§ SUPPLIED DATA
--- START ---

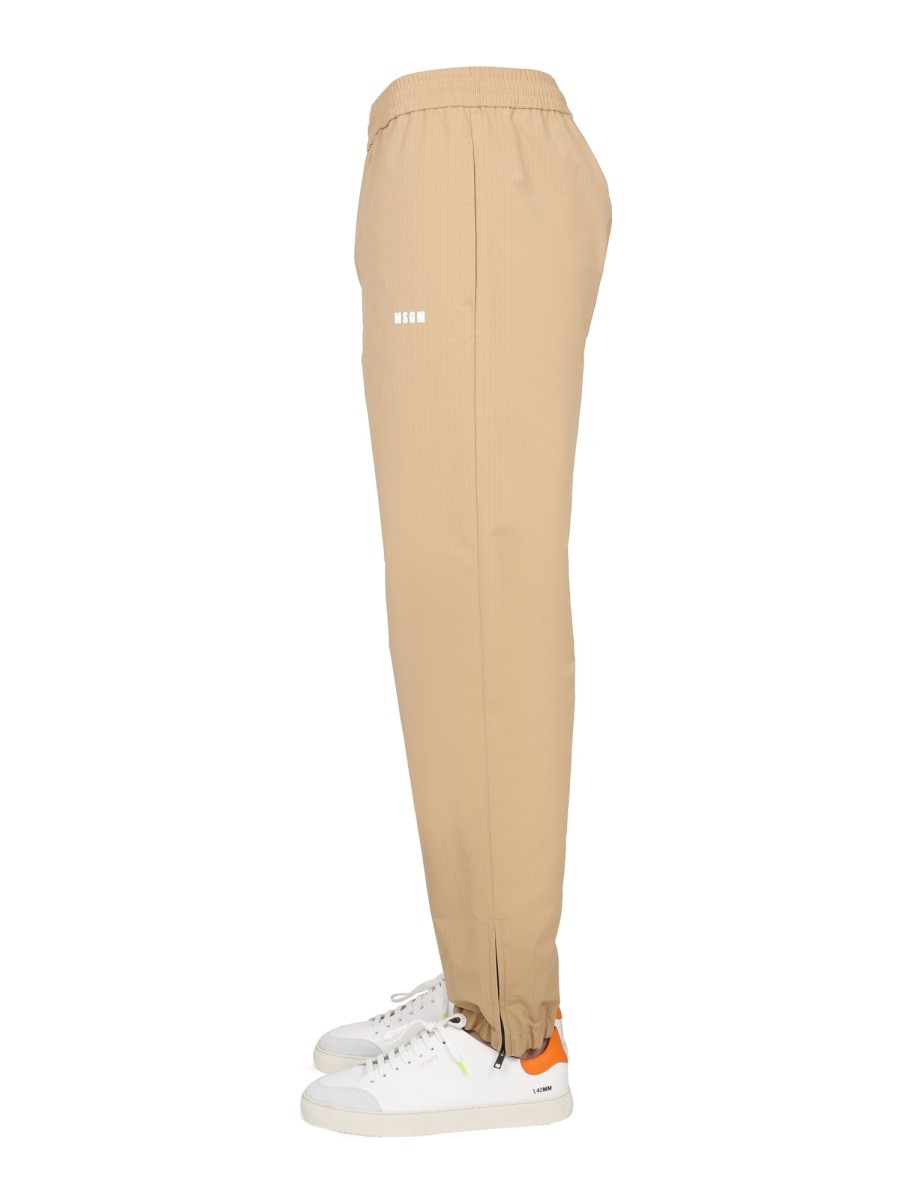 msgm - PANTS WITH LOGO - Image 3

--- END ---
--- START ---

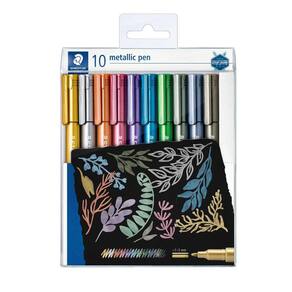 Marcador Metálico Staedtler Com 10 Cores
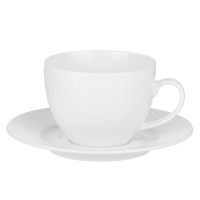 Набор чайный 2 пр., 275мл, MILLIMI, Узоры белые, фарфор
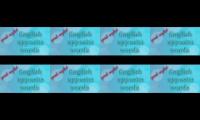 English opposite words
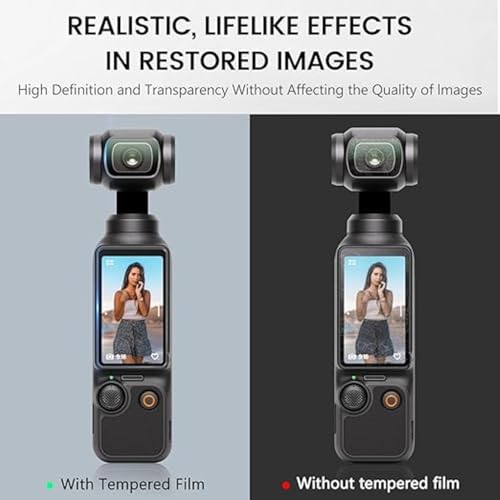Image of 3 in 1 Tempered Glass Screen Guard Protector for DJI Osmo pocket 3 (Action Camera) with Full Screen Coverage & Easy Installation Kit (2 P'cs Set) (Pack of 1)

--- END ---
--- START ---

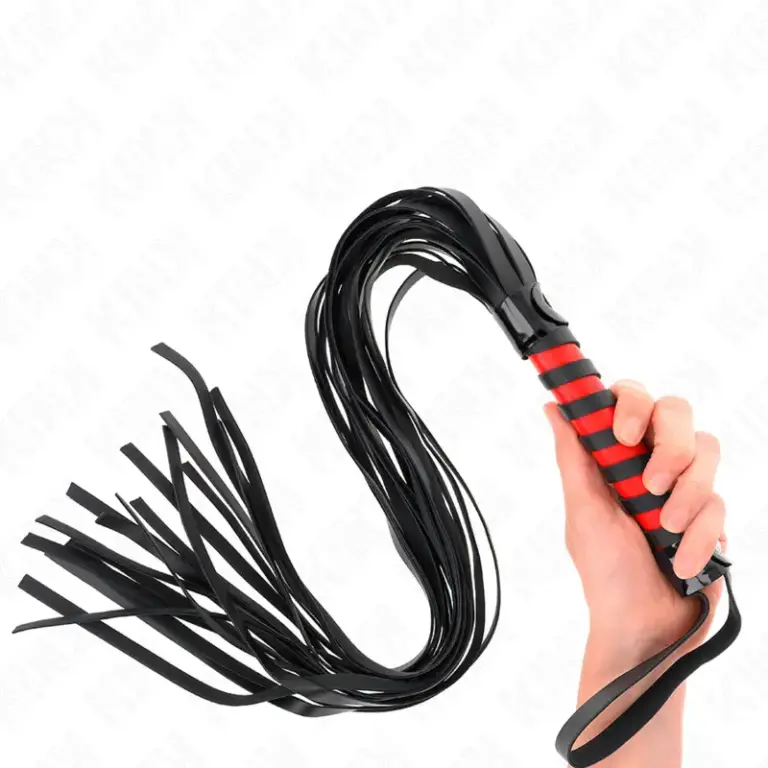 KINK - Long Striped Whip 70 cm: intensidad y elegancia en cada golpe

--- END ---

§ REQUIRED ACTION
Start with the line above containing "Набор чайный 2" and end with the line containing "Image of 3 in". Set down that stretch exactly, without any pictures.

§ RESULT
 Набор чайный 2 пр., 275мл, MILLIMI, Узоры белые, фарфор
 English opposite words
Image of 3 in 1 Tempered Glass Screen Guard Protector for DJI Osmo pocket 3 (Action Camera) with Full Screen Coverage & Easy Installation Kit (2 P'cs Set) (Pack of 1)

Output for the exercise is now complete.